Please give back, exactly as written, the lines from the line with "Paksoi salade met" to the line with "Beer labels, USA, a" in the listing below, leaving out all pictures.

※

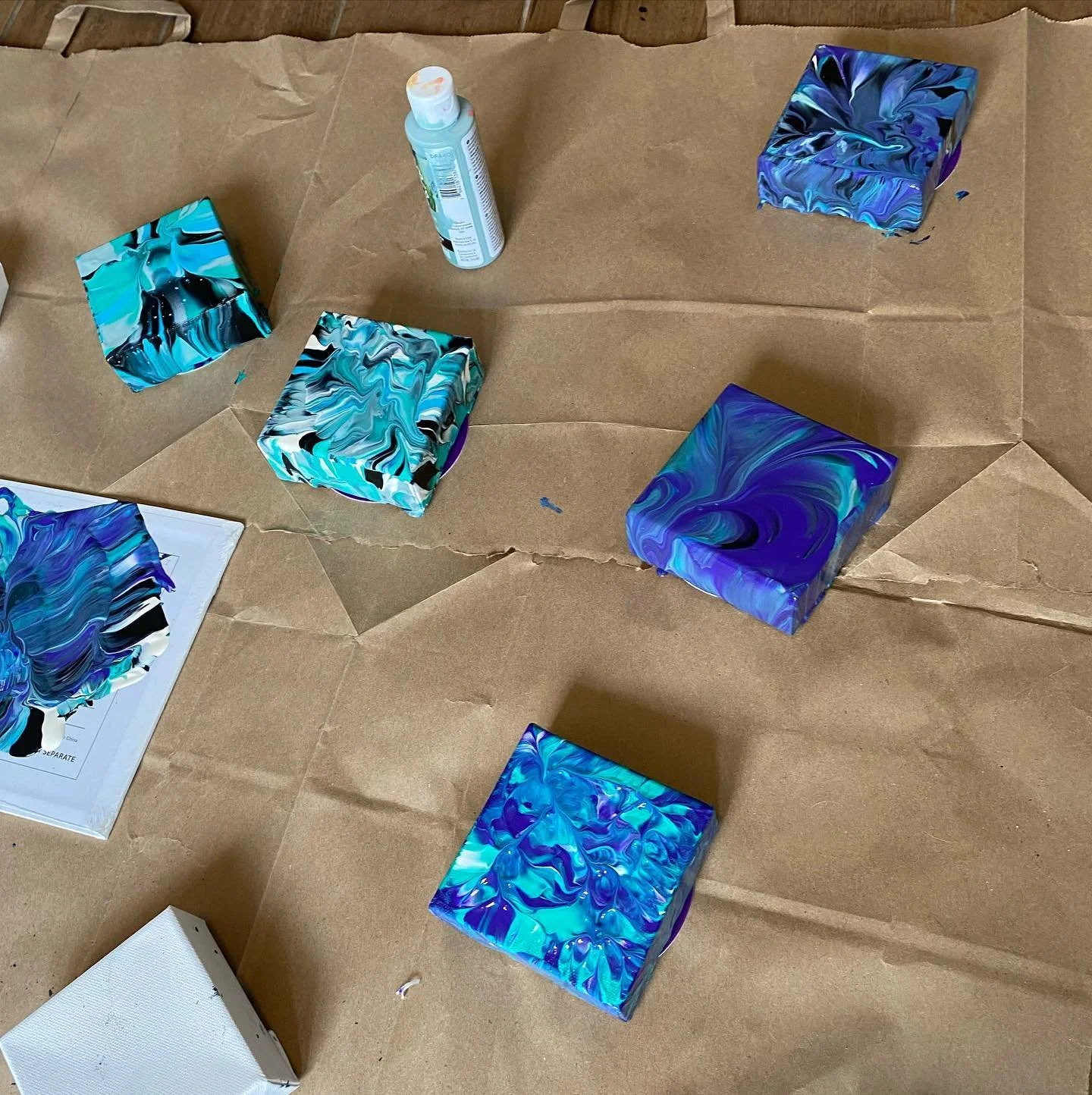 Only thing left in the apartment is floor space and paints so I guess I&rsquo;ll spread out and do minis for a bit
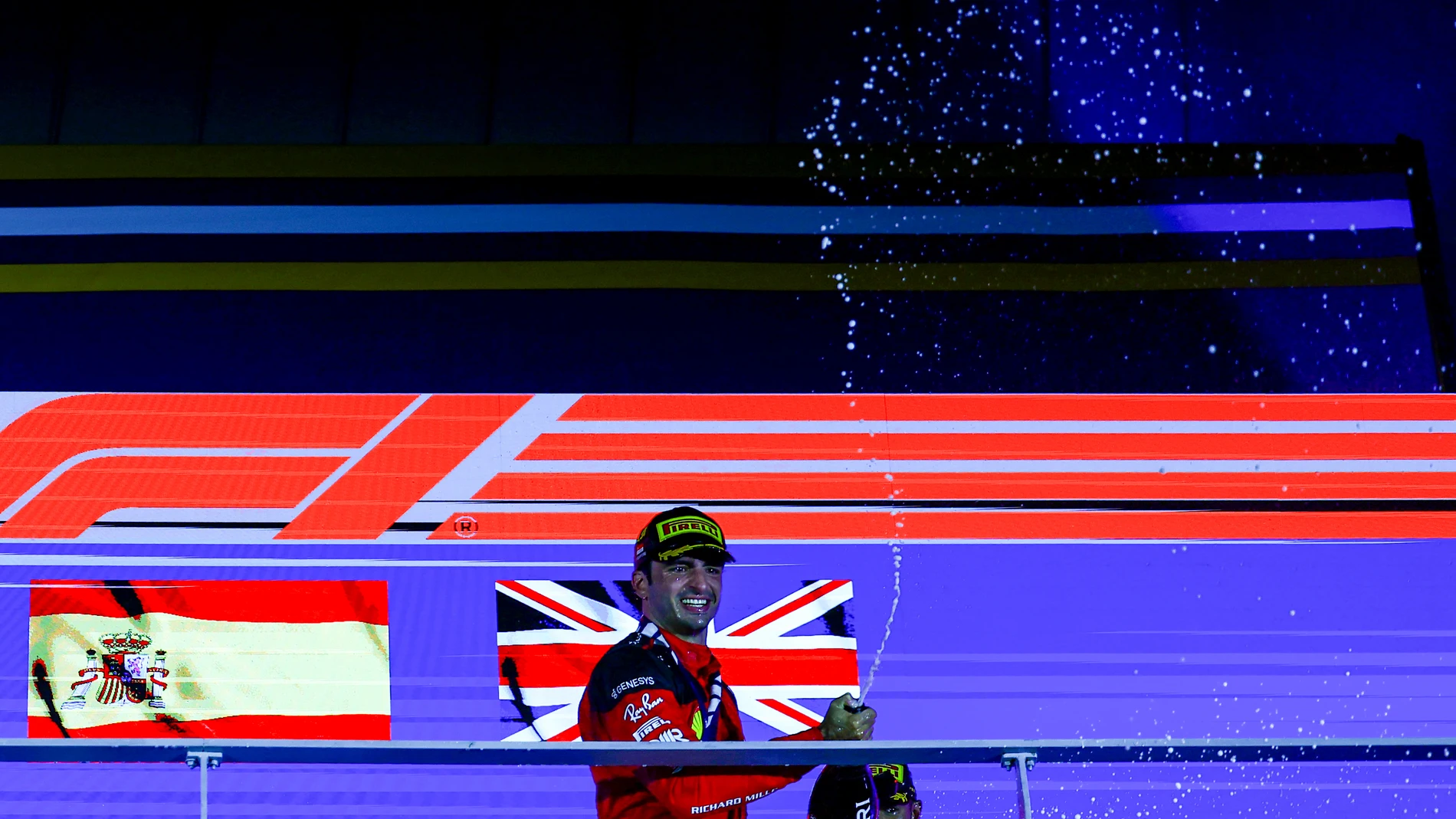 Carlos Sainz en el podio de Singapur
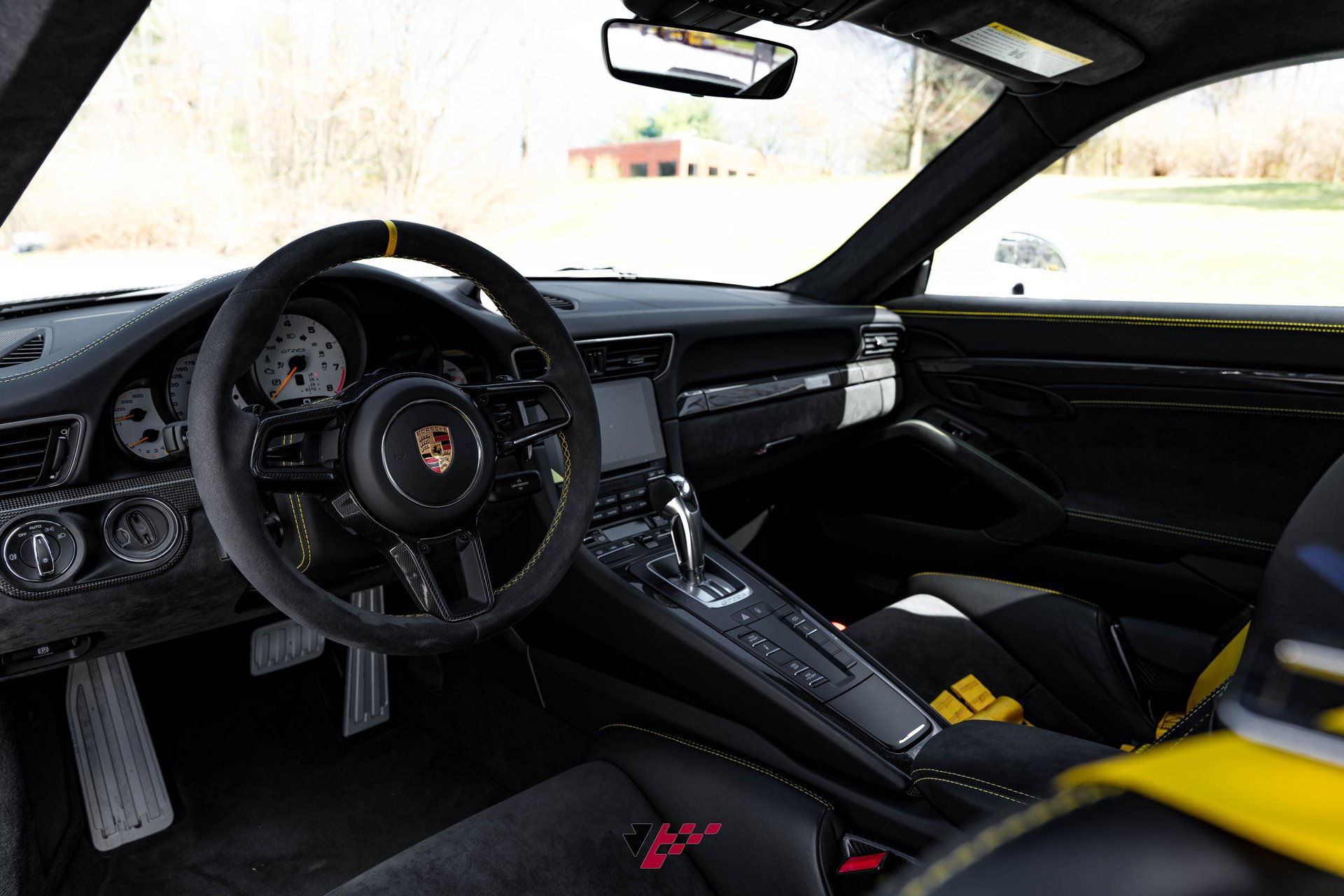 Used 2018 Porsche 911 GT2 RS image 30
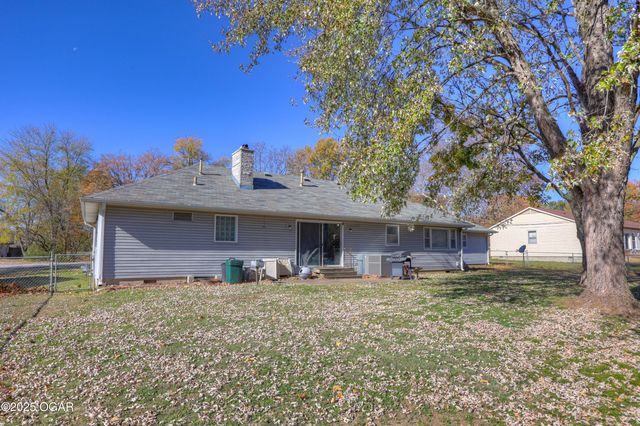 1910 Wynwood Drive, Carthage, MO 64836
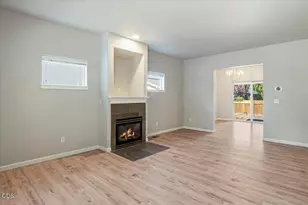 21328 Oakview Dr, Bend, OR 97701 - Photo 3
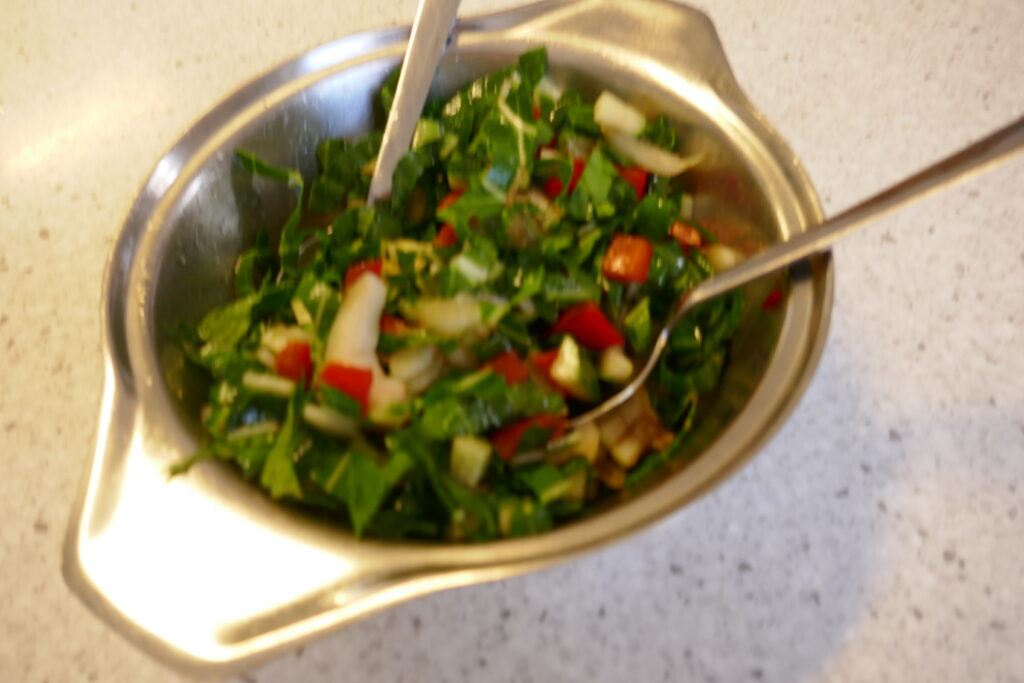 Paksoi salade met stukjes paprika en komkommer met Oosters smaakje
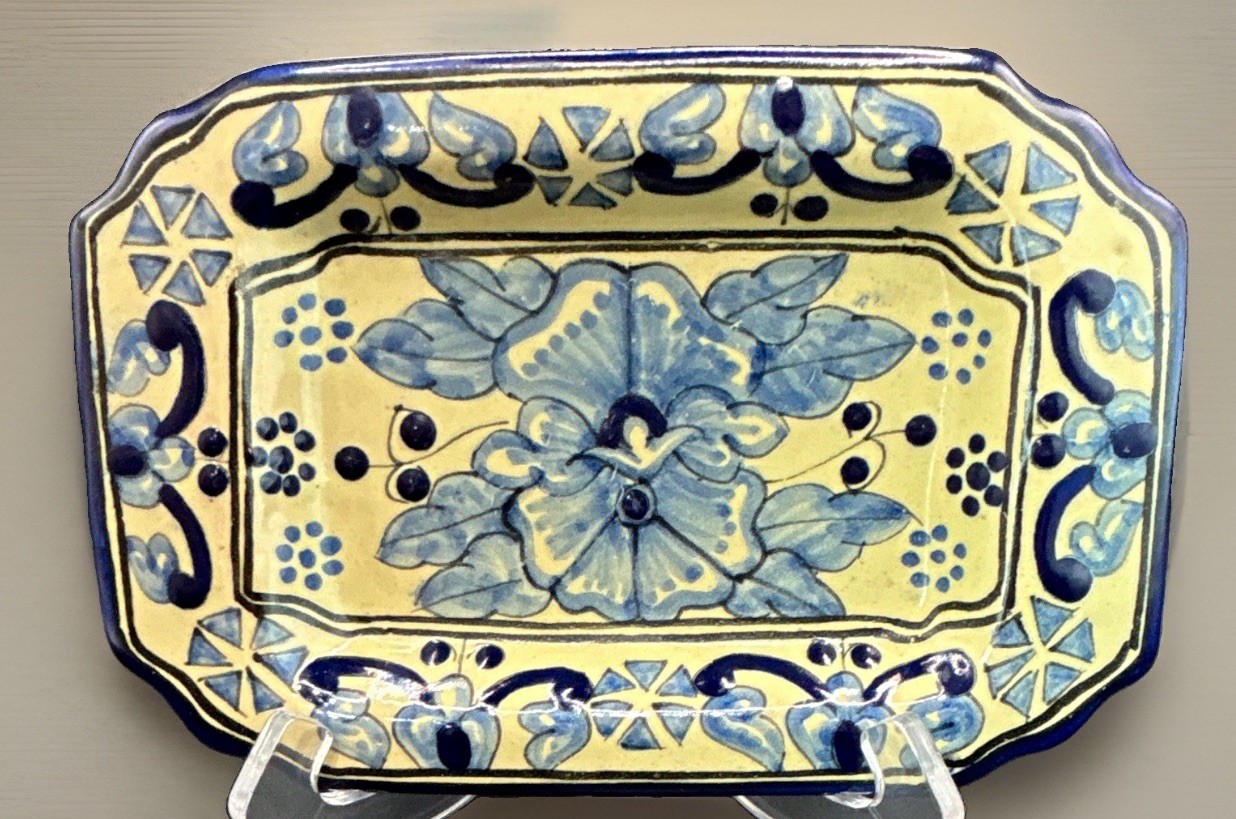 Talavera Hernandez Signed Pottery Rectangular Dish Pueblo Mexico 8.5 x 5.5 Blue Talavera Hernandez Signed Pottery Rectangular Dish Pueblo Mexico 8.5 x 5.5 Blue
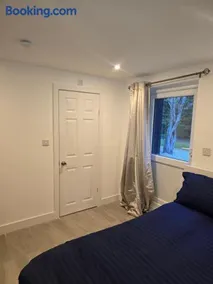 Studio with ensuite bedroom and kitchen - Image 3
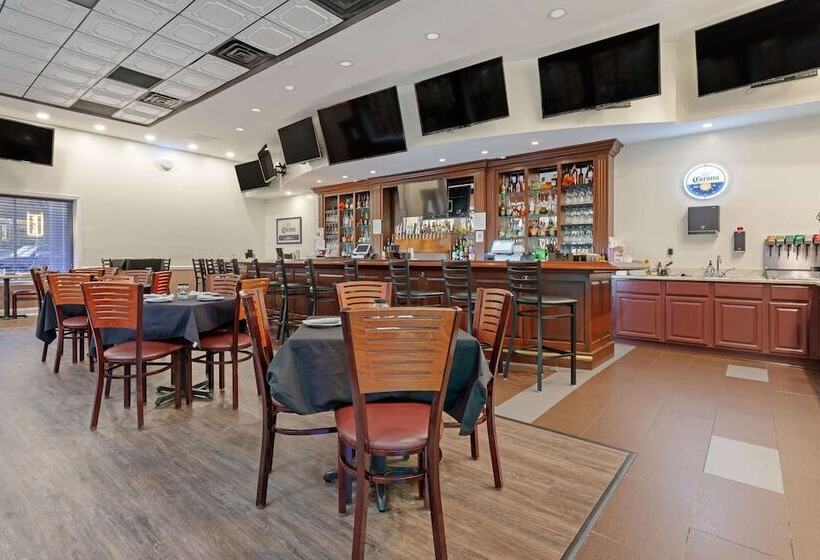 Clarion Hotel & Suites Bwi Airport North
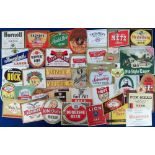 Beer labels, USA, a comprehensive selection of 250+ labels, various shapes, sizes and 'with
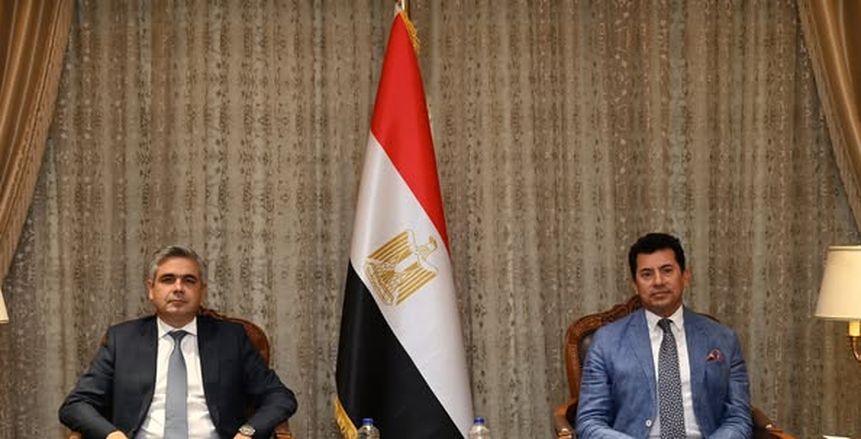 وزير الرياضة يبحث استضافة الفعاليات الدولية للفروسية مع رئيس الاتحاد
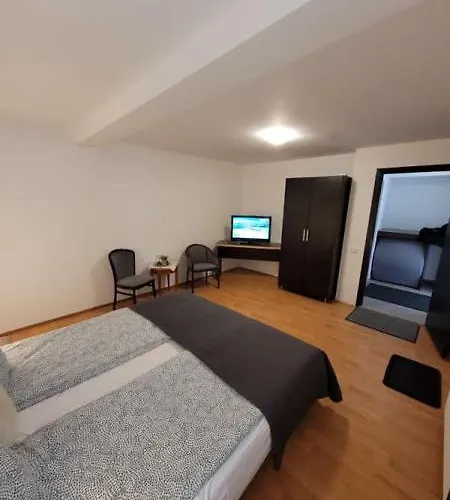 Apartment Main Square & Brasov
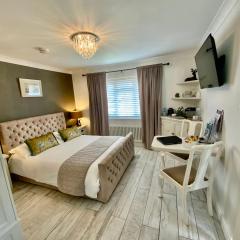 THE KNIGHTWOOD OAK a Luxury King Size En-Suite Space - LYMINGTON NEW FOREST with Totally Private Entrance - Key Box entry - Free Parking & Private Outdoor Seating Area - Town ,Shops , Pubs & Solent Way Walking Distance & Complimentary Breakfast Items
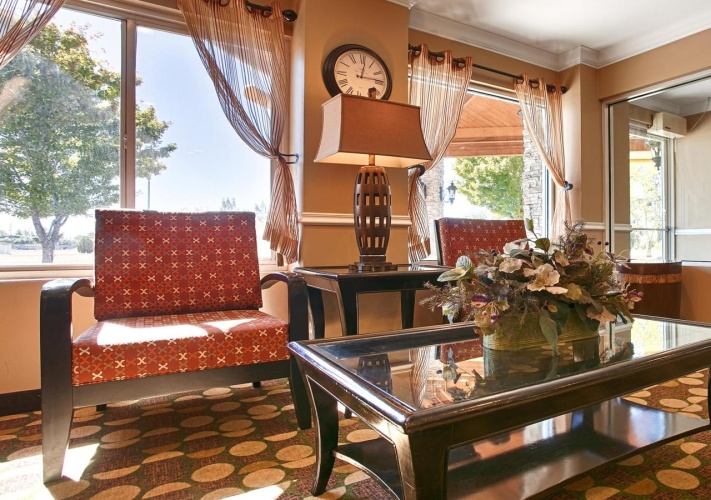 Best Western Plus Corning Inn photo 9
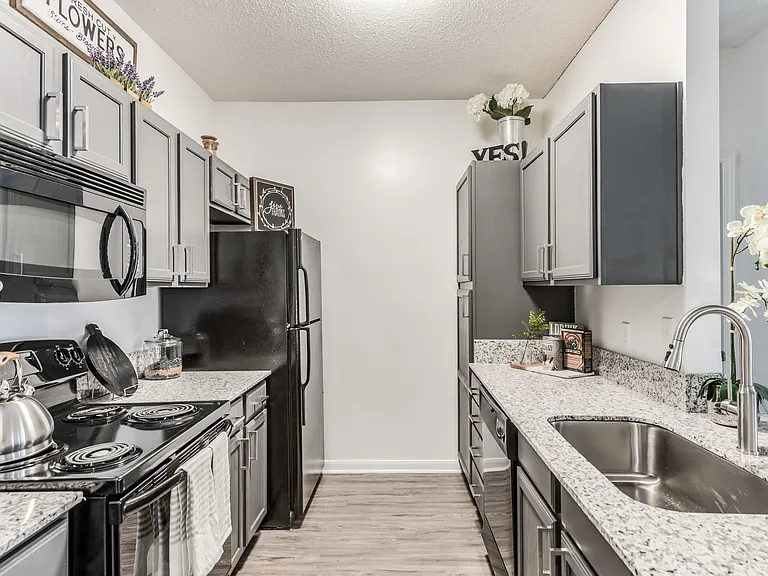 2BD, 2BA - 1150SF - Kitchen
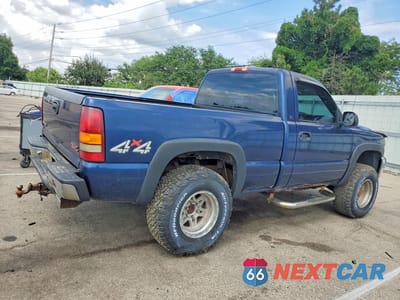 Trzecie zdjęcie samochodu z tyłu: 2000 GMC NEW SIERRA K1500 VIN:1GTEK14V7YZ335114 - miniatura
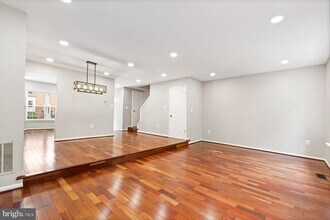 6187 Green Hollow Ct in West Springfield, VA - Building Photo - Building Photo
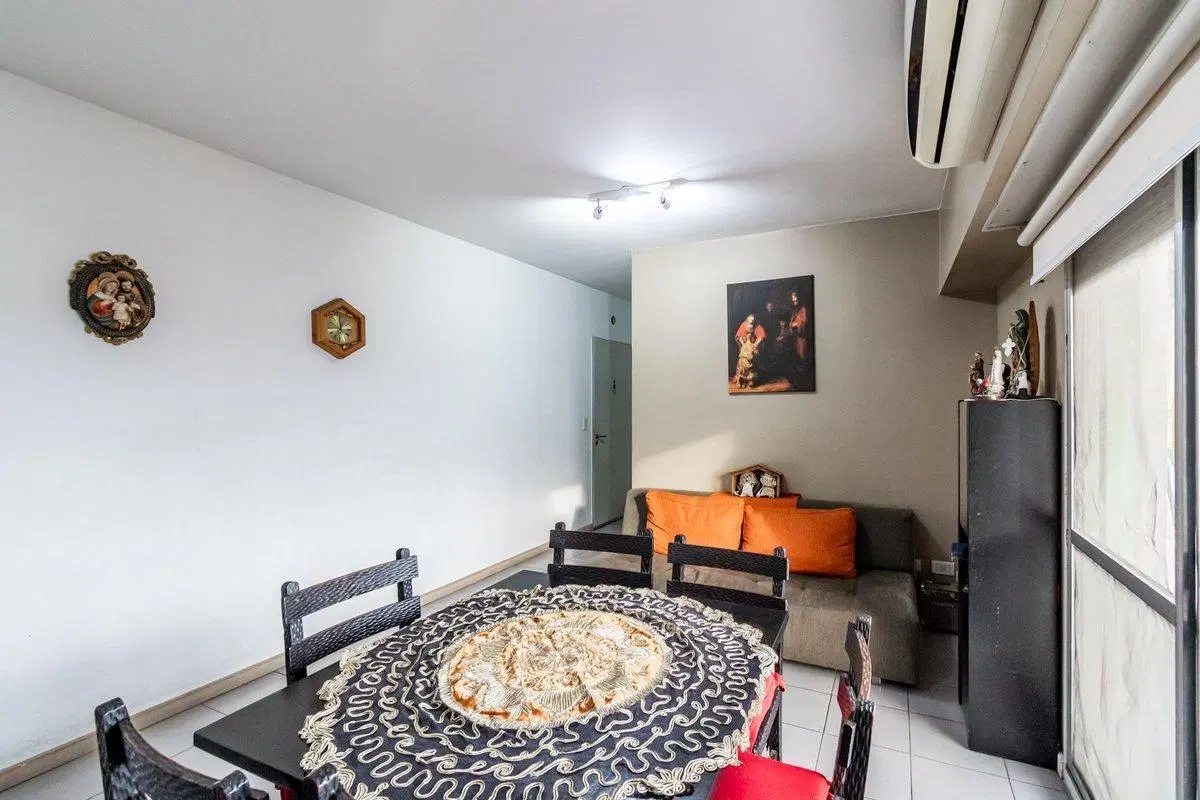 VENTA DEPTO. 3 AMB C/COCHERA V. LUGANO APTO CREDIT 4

※

* **RESULT**:
 Paksoi salade met stukjes paprika en komkommer met Oosters smaakje
 Talavera Hernandez Signed Pottery Rectangular Dish Pueblo Mexico 8.5 x 5.5 Blue Talavera Hernandez Signed Pottery Rectangular Dish Pueblo Mexico 8.5 x 5.5 Blue
 Studio with ensuite bedroom and kitchen - Image 3
 Clarion Hotel & Suites Bwi Airport North
 Beer labels, USA, a comprehensive selection of 250+ labels, various shapes, sizes and 'with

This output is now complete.